The Beverly Hills Hotel image is the centrepiece of a presentation that also features black-and-white self-portraits Tourmaline shot amid the remnants of the Roberts House Ranch, a home designed by Williams in the hills overlooking Malibu that burned down in a 1982 wildfire. In those images she is partially concealed, wrapped in a sprawling white dress. Ahead of the fair, the artist discussed what attracted her to these sites, and how her interest in Williams’s buildings dovetails with her works foregrounding the experiences of Black, queer and trans individuals and communities.
The Art Newspaper: How did you become interested in Paul R. Williams?
Tourmaline: I’m starting to really trust my artistic instinct, so if I’m hearing a name repeatedly, I want to follow that.
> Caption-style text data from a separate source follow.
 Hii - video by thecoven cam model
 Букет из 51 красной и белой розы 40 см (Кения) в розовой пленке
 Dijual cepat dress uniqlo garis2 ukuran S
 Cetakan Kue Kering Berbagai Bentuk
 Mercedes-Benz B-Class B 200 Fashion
I’d been thinking about Paul R. Williams for a few years, and Arthur Jafa, who was my cinematographer on Happy Birthday, Marsha! (2018) and has taught me so much about film-making and art. I remember talking to a friend who was like, ‘Oh, you know, A.J. [Jafa] really wanted to be an architect’, and he had a similar fascination with Paul R. Williams. And it just made so much sense—it felt like it was a sign. And a book I really love is Janna Ireland’s Regarding Paul R. Williams . It’s a series of really powerful photographs, and when I learned about it I started to find a great resonance in Janna’s work, and that was another moment of connection.
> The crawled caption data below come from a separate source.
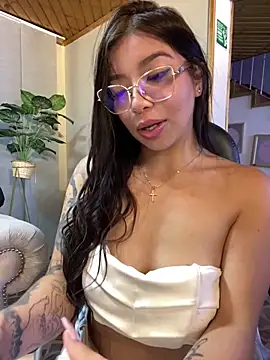 Maddy_Piink Chat XXX in diretta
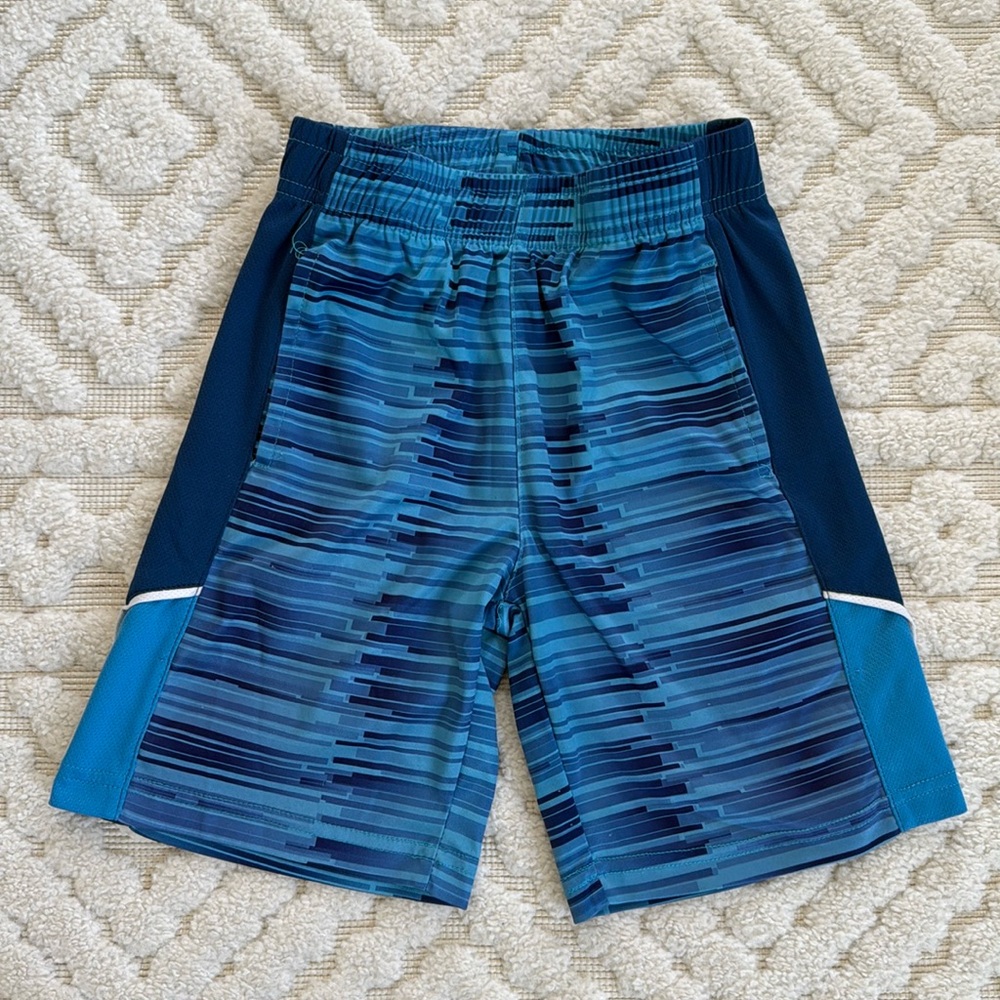 Buzz Cuts Blue Basketball Style Shorts Size M 5/6 ~ callout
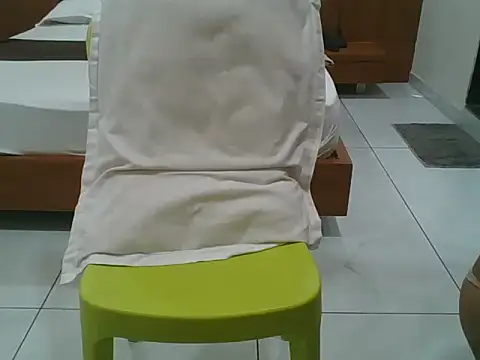 Snapshot of wildfox566 chatting on February 18, 2026, 8:43 am wildfox566 online show from February 18, 2026, 8:43 am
Williams was a Black architect from Memphis, where my family’s from. His family moved out to Los Angeles and he was responsible for developing much of the Beverly Hills Hotel in this moment when Black people were not allowed to stay there. So he was responsible for the formation of this space of ease and abundance, and yet it was inaccessible to so many.
The underpinning feel of the work is about tuning into dreams around ease, rest, luxury and abundance
How did those ideas shape this new body of work?
The underpinning idea or feel of the work is about tuning into dreams around ease, rest, luxury and abundance, and the context of those dreams being launched in moments of heightened violence towards Black trans life and heightened systemic violence around Black communities. How can we tune to those dreams even in the midst of the mess of a thing we’re living with: climate collapse and the large structures and systems that shape our lives and offer conditions that we can’t find life in? How do we tune to the presence of something else?
And it is in the context also of the afterlife of slavery in Black Codes and anti-vagrancy laws, which were specifically used after slavery was legally abolished to keep formerly enslaved people in really coercive work relationships with landowners. So if you were moving through town and you didn’t have a job and you weren’t producing in a particular kind of way, you could be arrested and put in jail. These became really heightened, life-or-death issues.
As someone who comes from a lineage of people who were formerly enslaved in the US South—my grandparents were children of sharecroppers—the afterlife of Black Codes and anti-vagrancy laws is really powerful. As an artist and organiser it’s something I really grapple with inside myself: what is my value if I’m not producing all the time? This question of production in this moment of late capitalism is something that many of us have had our interior conditions shaped by.
The photos visualise scenes of luxury and abundance, but in a sense, aren’t they also criticising the systems shaping those ideals of luxury we aspire to?
What I’ve come to understand is that every subject is two subjects, what is wanted and the lack of it—that’s an Abraham-Hicks saying. Sometimes we think that we’re talking about luxury, for instance, [but] the way that I see luxury predates a lot of these systems that excluded so many people. My friend Miss Major, who was at Stonewall [the landmark 1969 gay rights protest in New York], and I made a film about her called The Personal Things (2016) and it’s about how in New York City in the late 1960s and early 70s—and still today in prisons and jails and detention centres in the US—you would be penalised if you were a trans person wearing, quote-unquote, women’s clothing. That was the literal landscape upon which someone like Miss Major or Marsha P. Johnson was being loud and proud and showing all of who they were in any given moment. It had these heightened stakes to it.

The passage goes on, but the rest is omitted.